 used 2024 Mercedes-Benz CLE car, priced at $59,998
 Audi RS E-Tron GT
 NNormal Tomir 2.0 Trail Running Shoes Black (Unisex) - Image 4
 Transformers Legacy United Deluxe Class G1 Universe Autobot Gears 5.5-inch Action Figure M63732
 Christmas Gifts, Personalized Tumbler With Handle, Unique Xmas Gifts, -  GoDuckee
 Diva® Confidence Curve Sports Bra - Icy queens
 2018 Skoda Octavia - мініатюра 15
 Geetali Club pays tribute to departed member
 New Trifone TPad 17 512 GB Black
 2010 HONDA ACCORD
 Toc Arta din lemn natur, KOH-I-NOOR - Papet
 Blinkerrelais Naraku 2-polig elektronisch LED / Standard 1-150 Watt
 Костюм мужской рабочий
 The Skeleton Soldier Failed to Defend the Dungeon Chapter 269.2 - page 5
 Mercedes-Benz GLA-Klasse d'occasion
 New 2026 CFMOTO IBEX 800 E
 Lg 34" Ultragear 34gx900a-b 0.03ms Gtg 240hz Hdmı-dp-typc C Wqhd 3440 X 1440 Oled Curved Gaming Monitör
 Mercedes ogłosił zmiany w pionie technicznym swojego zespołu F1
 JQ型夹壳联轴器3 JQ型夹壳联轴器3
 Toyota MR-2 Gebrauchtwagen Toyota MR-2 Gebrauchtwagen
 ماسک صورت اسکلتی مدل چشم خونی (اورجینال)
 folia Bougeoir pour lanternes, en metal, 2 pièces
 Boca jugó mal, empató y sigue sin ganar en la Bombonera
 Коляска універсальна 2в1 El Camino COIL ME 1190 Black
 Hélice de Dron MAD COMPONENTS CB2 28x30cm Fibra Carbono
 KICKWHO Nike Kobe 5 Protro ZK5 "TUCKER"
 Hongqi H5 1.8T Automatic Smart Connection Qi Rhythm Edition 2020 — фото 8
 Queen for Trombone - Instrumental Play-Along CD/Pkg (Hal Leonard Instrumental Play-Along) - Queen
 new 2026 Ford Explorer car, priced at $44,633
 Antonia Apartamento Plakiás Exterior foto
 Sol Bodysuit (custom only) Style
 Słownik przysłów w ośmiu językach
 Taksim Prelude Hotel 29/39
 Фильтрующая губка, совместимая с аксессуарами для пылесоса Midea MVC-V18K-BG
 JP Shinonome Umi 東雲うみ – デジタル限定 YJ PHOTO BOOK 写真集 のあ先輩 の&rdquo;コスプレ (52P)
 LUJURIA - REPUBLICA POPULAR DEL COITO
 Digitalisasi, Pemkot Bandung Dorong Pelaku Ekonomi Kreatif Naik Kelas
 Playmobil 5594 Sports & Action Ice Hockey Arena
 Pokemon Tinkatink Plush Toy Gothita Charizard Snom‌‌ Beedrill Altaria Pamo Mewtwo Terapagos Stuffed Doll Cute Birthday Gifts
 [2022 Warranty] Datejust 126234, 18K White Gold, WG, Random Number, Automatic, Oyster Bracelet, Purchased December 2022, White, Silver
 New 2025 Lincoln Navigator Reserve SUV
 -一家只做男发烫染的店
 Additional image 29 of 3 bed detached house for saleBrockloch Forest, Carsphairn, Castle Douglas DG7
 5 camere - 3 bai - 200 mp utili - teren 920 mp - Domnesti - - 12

************

--- WHAT IS EXPECTED ---
What you give back should be only the lines of the records above, starting at the line with "New Trifone TPad 17 512 GB Black" and ending at the line with "Коляска універсальна 2в1", restated word for word.

--- WRITTEN REPLY ---
 New Trifone TPad 17 512 GB Black
 2010 HONDA ACCORD
 Toc Arta din lemn natur, KOH-I-NOOR - Papet
 Blinkerrelais Naraku 2-polig elektronisch LED / Standard 1-150 Watt
 Костюм мужской рабочий
 The Skeleton Soldier Failed to Defend the Dungeon Chapter 269.2 - page 5
 Mercedes-Benz GLA-Klasse d'occasion
 New 2026 CFMOTO IBEX 800 E
 Lg 34" Ultragear 34gx900a-b 0.03ms Gtg 240hz Hdmı-dp-typc C Wqhd 3440 X 1440 Oled Curved Gaming Monitör
 Mercedes ogłosił zmiany w pionie technicznym swojego zespołu F1
 JQ型夹壳联轴器3 JQ型夹壳联轴器3
 Toyota MR-2 Gebrauchtwagen Toyota MR-2 Gebrauchtwagen
 ماسک صورت اسکلتی مدل چشم خونی (اورجینال)
 folia Bougeoir pour lanternes, en metal, 2 pièces
 Boca jugó mal, empató y sigue sin ganar en la Bombonera
 Коляска універсальна 2в1 El Camino COIL ME 1190 Black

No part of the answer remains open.